*Directions for this task*. Only one part of the listing is needed: the lines from the one with "a kitchen with" through the last line, copied exactly and free of pictures.

*Data shown*.
====================
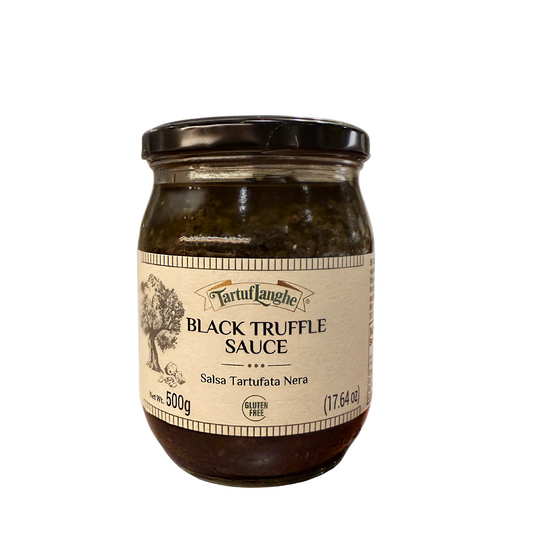 Jar of black truffle sauce with a label on a white background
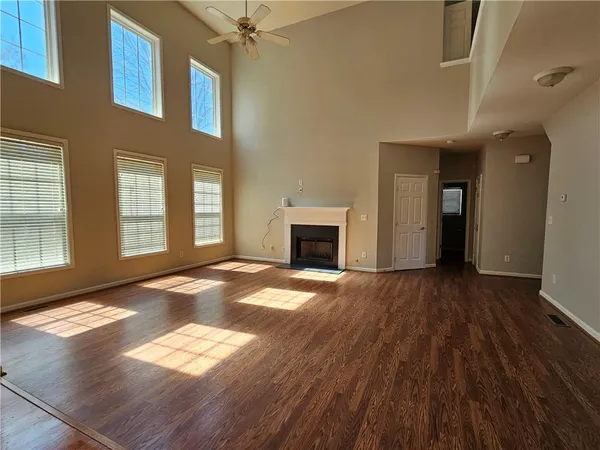 a kitchen with stainless steel appliances granite countertop a refrigerator a sink dishwasher a stove and white countertops with wooden floor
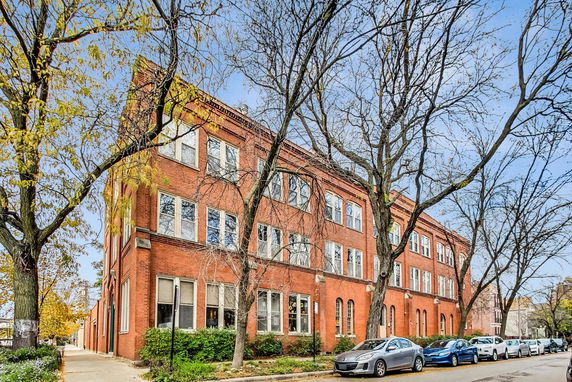 Front view of a three-story brick building with multiple windows.
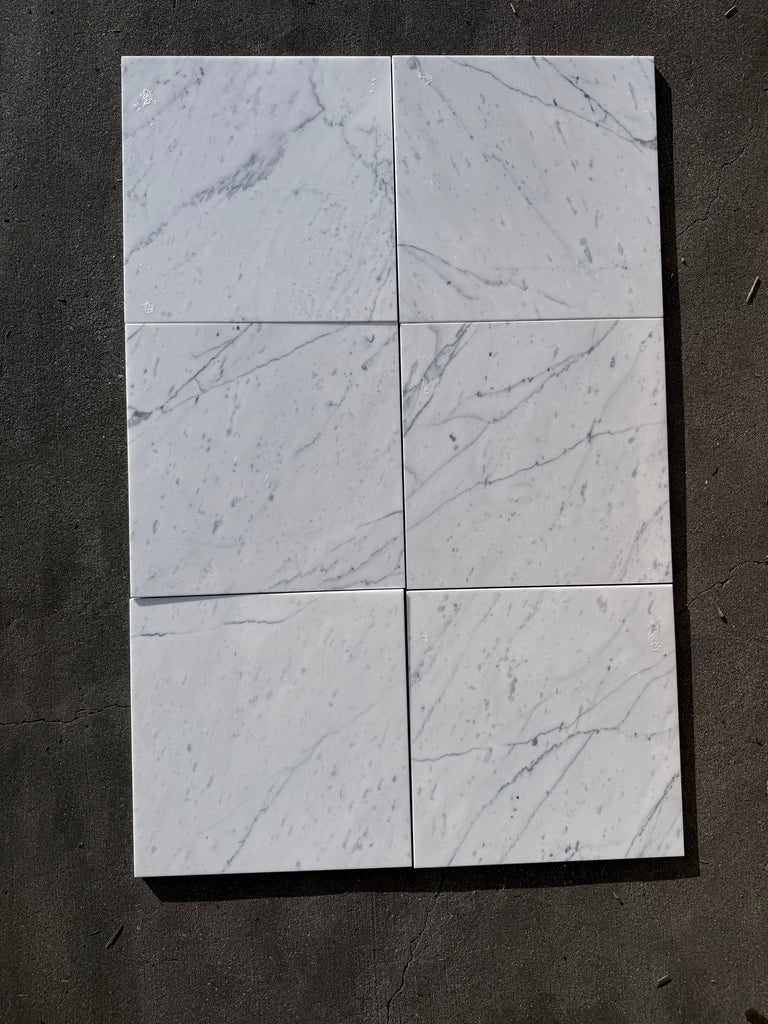 Six Statuario white marble 12x12 tiles with gray veining in grid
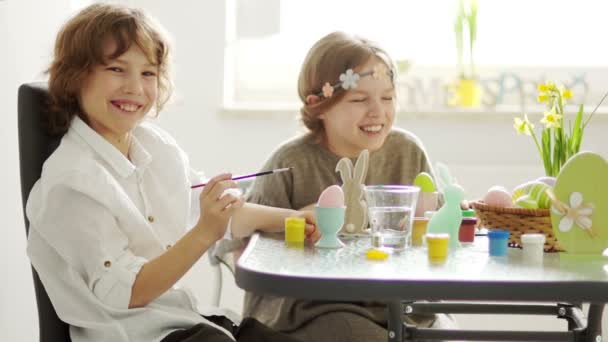 Inför påsk. Bror och syster dekorera påskägg. Barn skratta glatt. Slow Motion — Stockvideo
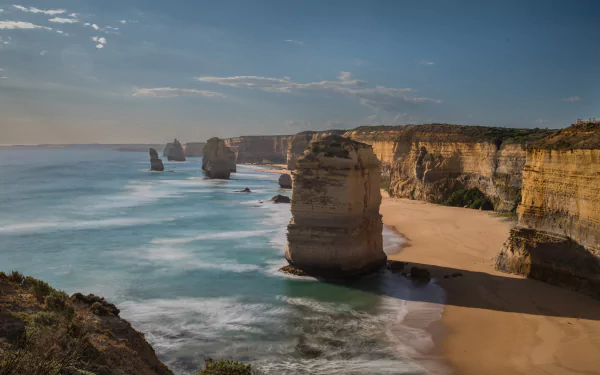 limestone stacks shadow sand wave coastline sea Australia Victoria (Australia) nature The Twelve Apostles HD Desktop Wallpaper | Background Image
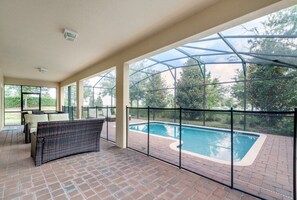 Une terrasse extérieure avec une piscine, un espace salon couvert et une structure vitrée.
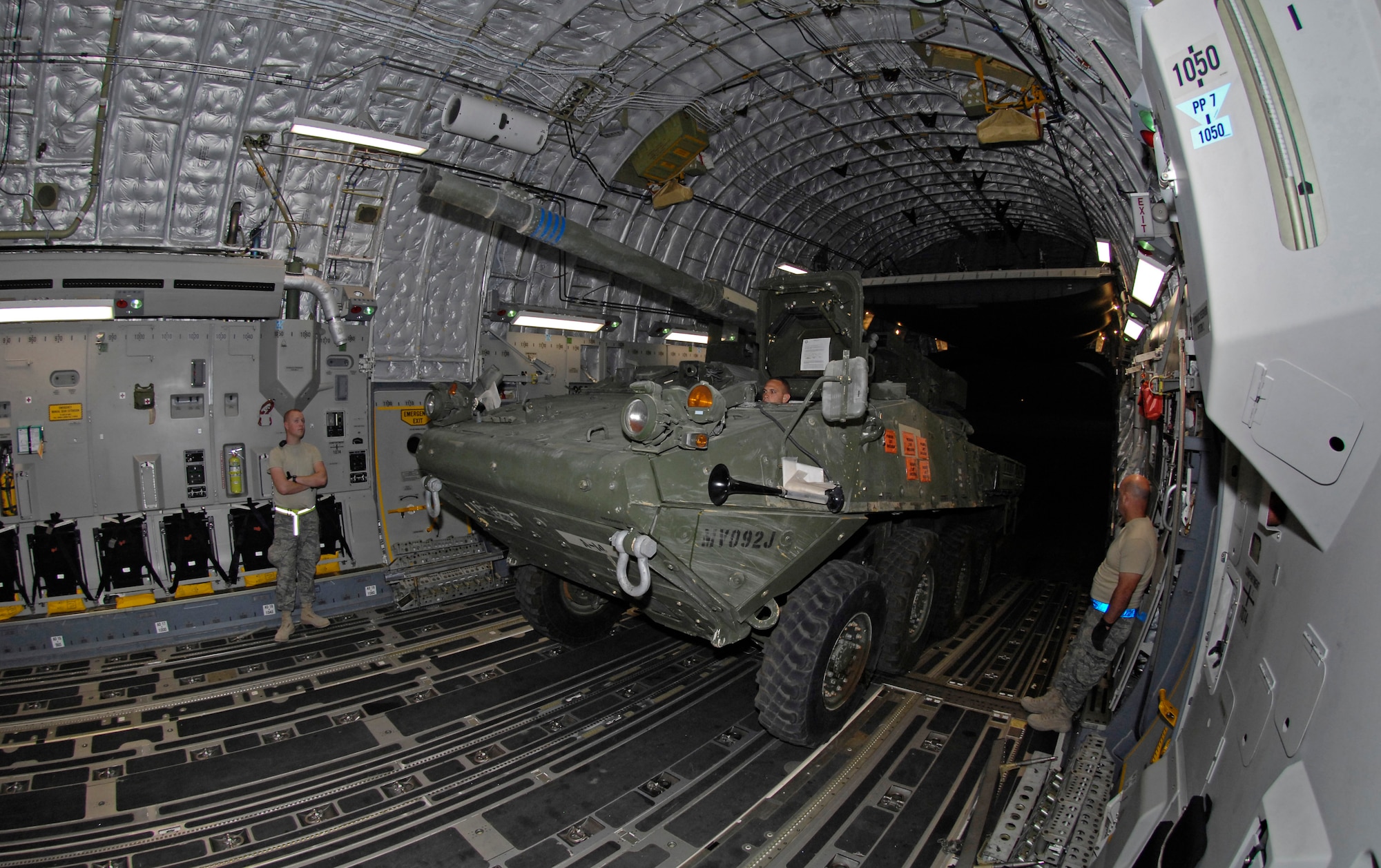 Reservists assigned to the 332nd Expeditionary Logistical Readiness Squadron at Balad Air Base, Iraq, drive a Striker onto a C-17 Globemaster III for transport to Ramstein Air Base, Germany on June 16, 2008. The 332nd ELRS is comprised of Airmen from Andersen Air Force Base, Guam, Hickam Air Force Base, Hawaii, Niagra Falls, Tinker Air Force Base, Ok., and Travis Air Force Base, Calif. The C-17 belongs to the 15th Airlift Wing at Hickam Air Force Base, Hawaii, and was flown into Balad from Ramstein AB by an Air Mobility Command crew. (US Air Force photo / Tech. Sgt. Chris Vadnais)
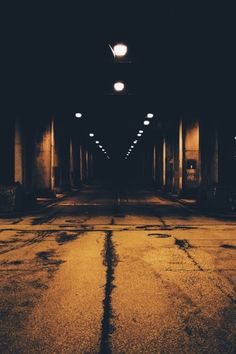 an empty parking lot at night with lights on and no people in the area around it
====================
*Problem solution*.
 a kitchen with stainless steel appliances granite countertop a refrigerator a sink dishwasher a stove and white countertops with wooden floor
 Front view of a three-story brick building with multiple windows.
 Six Statuario white marble 12x12 tiles with gray veining in grid
 Inför påsk. Bror och syster dekorera påskägg. Barn skratta glatt. Slow Motion — Stockvideo
 limestone stacks shadow sand wave coastline sea Australia Victoria (Australia) nature The Twelve Apostles HD Desktop Wallpaper | Background Image
 Une terrasse extérieure avec une piscine, un espace salon couvert et une structure vitrée.
 Reservists assigned to the 332nd Expeditionary Logistical Readiness Squadron at Balad Air Base, Iraq, drive a Striker onto a C-17 Globemaster III for transport to Ramstein Air Base, Germany on June 16, 2008. The 332nd ELRS is comprised of Airmen from Andersen Air Force Base, Guam, Hickam Air Force Base, Hawaii, Niagra Falls, Tinker Air Force Base, Ok., and Travis Air Force Base, Calif. The C-17 belongs to the 15th Airlift Wing at Hickam Air Force Base, Hawaii, and was flown into Balad from Ramstein AB by an Air Mobility Command crew. (US Air Force photo / Tech. Sgt. Chris Vadnais)
 an empty parking lot at night with lights on and no people in the area around it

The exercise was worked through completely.